Adolescencia: cómo entender el salto al abismo que experimentan los chicos
El tranquilo período de latencia de los chicos -que dura aproximadamente los años de la escolaridad primaria- termina con las primeras señales de pubertad: algunas son físicas, como el olor a transpiración, los pelos en la zona genital o en las axilas, el botón mamario en las niñas, todas señales claras y visibles. Pero otras veces el inicio de la pubertad llega con otros rasgos: malos humores, cambios de estados de ánimo, llantos, ganas de estar solos, conductas o reacciones inadecuadas, difíciles de entender para los mismos chicos y también para los adultos, especialmente con el primer hijo.
De todos modos no todas estas reacciones son señal de pubertad. Los chicos de 7 u 8 años que parecen preadolescentes suelen ser chicos que por falta de límites adecuados no entraron en latencia y continúan con la omnipotencia y búsqueda de control y dominio correspondiente a edades mucho menores.
¿Qué pasa con aquellos que sí van entrando en la pubertad? Tienen que dar un gran salto al abismo, soltar lo conocido que les daba seguridad (intereses, juegos, juguetes, amigos, formas de relacionarse con sus padres, hermanos y amigos) para abrirse a algo nuevo y desconocido, sin coordenadas ni mapa, abandonando las seguridades de la infancia antes de adquirir otras nuevas que les va a llevar varios años dominar.
Estado de fragilidad
La psicoanalista francesa Françoise Dolto compara a los chicos en esa etapa con la langosta en el cambio de caparazón. Dice que tanto los púberes como la langosta están en su punto de máxima indefensión. En el caso de la langosta, para poder crecer, rompe su caparazón y con el correr del tiempo arma una nueva, permaneciendo en un estado de enorme fragilidad hasta que lo logra. Algo muy parecido les ocurre los chicos cuando dejan la seguridad de la infancia y van buscando los recursos que necesitan para vivir en el mundo de los grandes.

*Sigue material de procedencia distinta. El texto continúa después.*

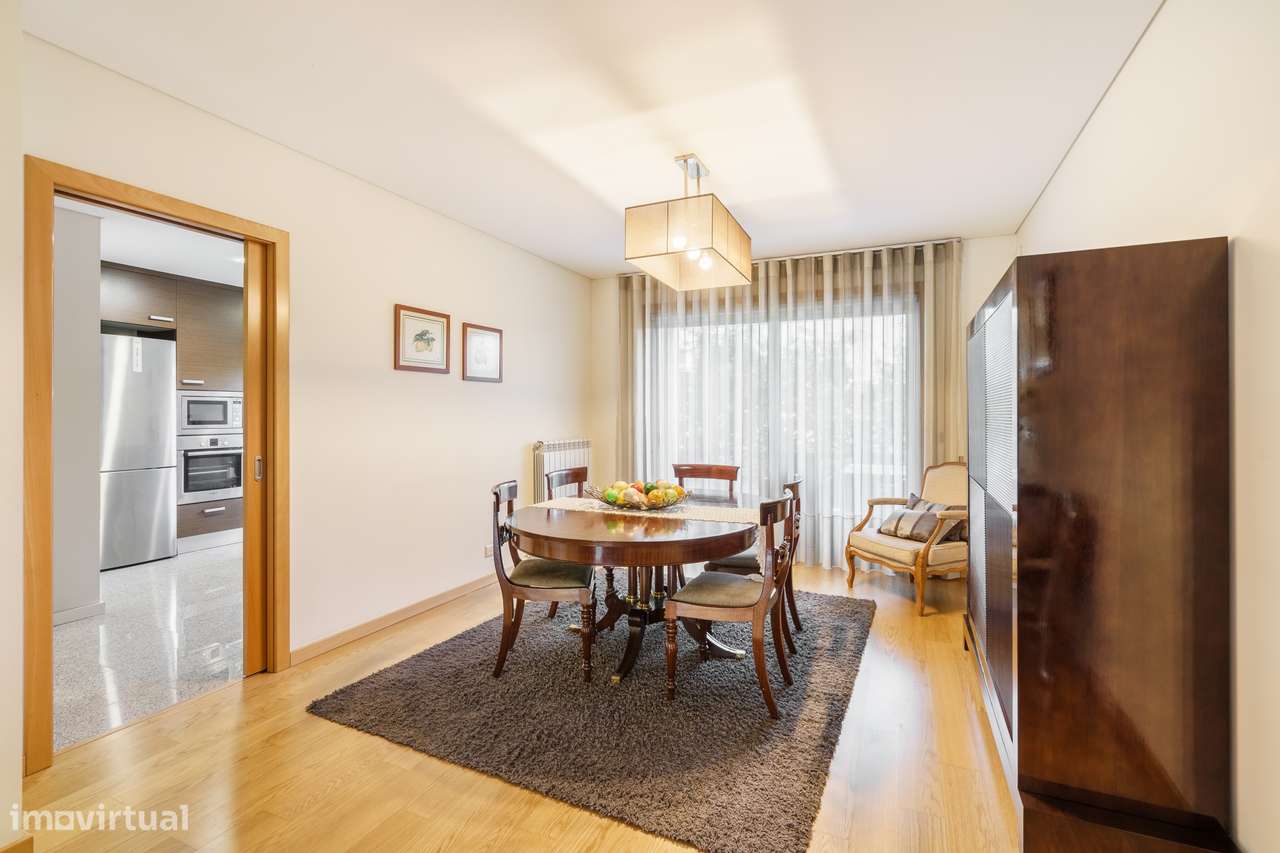 Moradia T4 | Domus Qualitas – Fraião-9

Lo difícil para los padres es que no hay preaviso ni edades prefijadas, de un minuto para el otro empiezan algunas conductas difíciles de entender:
- a veces lloran y no saben el motivo,
- se “echan” y se pasan largos ratos escuchando música, mirando series, en las redes sociales, en juegos electrónicos,
- se enojan por cualquier cosa,
- se ponen irritables, contestan mal,
- les cuesta dormirse a la noche y/o levantarse a la mañana,
- no saben lo que quieren, aunque sí tienen claro lo que no quieren
- desconocen su cuerpo, los cambios físicos
- y también las nuevas sensaciones, emociones, ideas, fantasías, deseos, ¡se desconocen a sí mismos!

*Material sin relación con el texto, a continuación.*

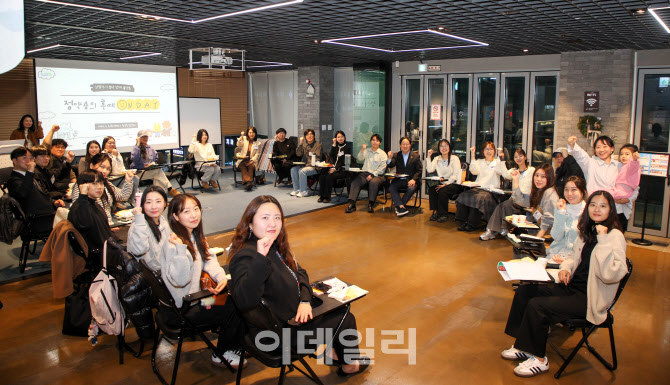 남양주 청년 활동 폭 확장 '정약용의 후예' 지원 강화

- y se asustan, aunque lo escondan bien detrás de enojos y distanciamientos.
Romper el caparazón
Suelen empezar a criticar mucho a sus padres y hermanos menores, es tan grande la tentación de permanecer chiquitos disfrutando la niñez e idealizando a sus padres que solo logran apartarse a través de rechazarlos y disminuirlos, lo que además les sirve para no sentir tan enorme la distancia entre lo pequeños e ineptos que se sienten y lo enormes y sabios que ven a sus progenitores. La intensidad de sus respuestas será probablemente la medida de esa desidealización necesaria para crecer, la cara visible de sus esfuerzos para romper ese caparazón seguro y confiable y tan difícil de dejar. Desvalorizan y rechazan aquello que les encantaba poco tiempo antes y hoy entonces para ellos sus padres no saben nada, se visten mal, no quieren que los toquen o los besen -y mucho menos en público-, sus hermanos son infantiles, o lentos, o poco interesantes, y se lo hacen saber con claridad y sin filtro.

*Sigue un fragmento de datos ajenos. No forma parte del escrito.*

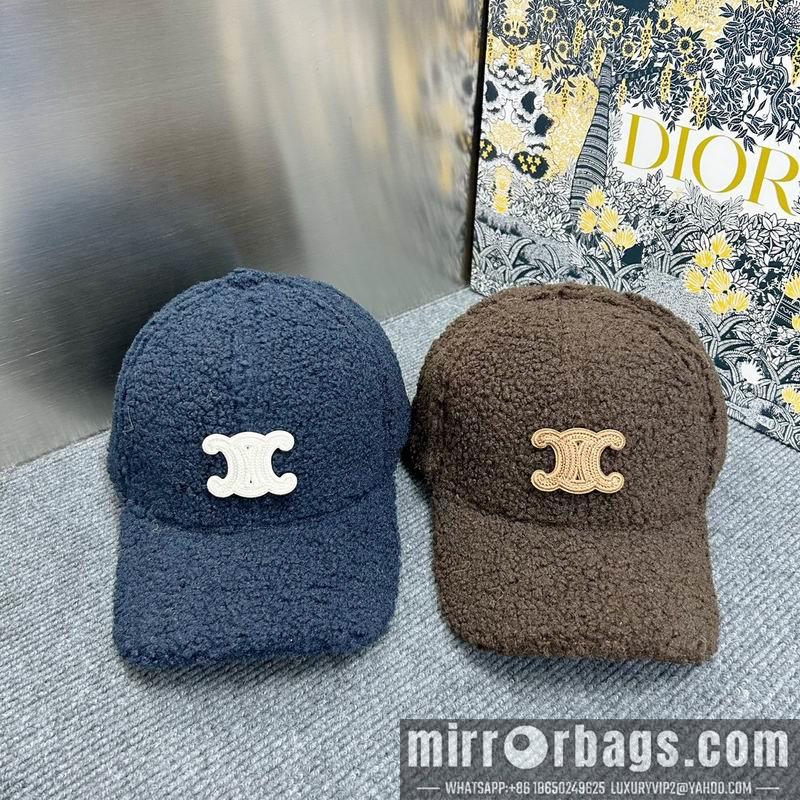 Replica Celine Hat dx92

Los padres se asustan, desconciertan y también se enojan ante esos modos nuevos de sus hijos/as hasta hoy colaboradores, solidarios, empáticos, afectuosos, protectores de sus hermanos menores, que de un momento para otro se ponen egoístas, celosos, burlones, desconocidos… Les lleva tiempo, varios años, integrar en ellos mismos aquel niño que perdieron en el camino con este nuevo sujeto que emerge sin pedir permiso.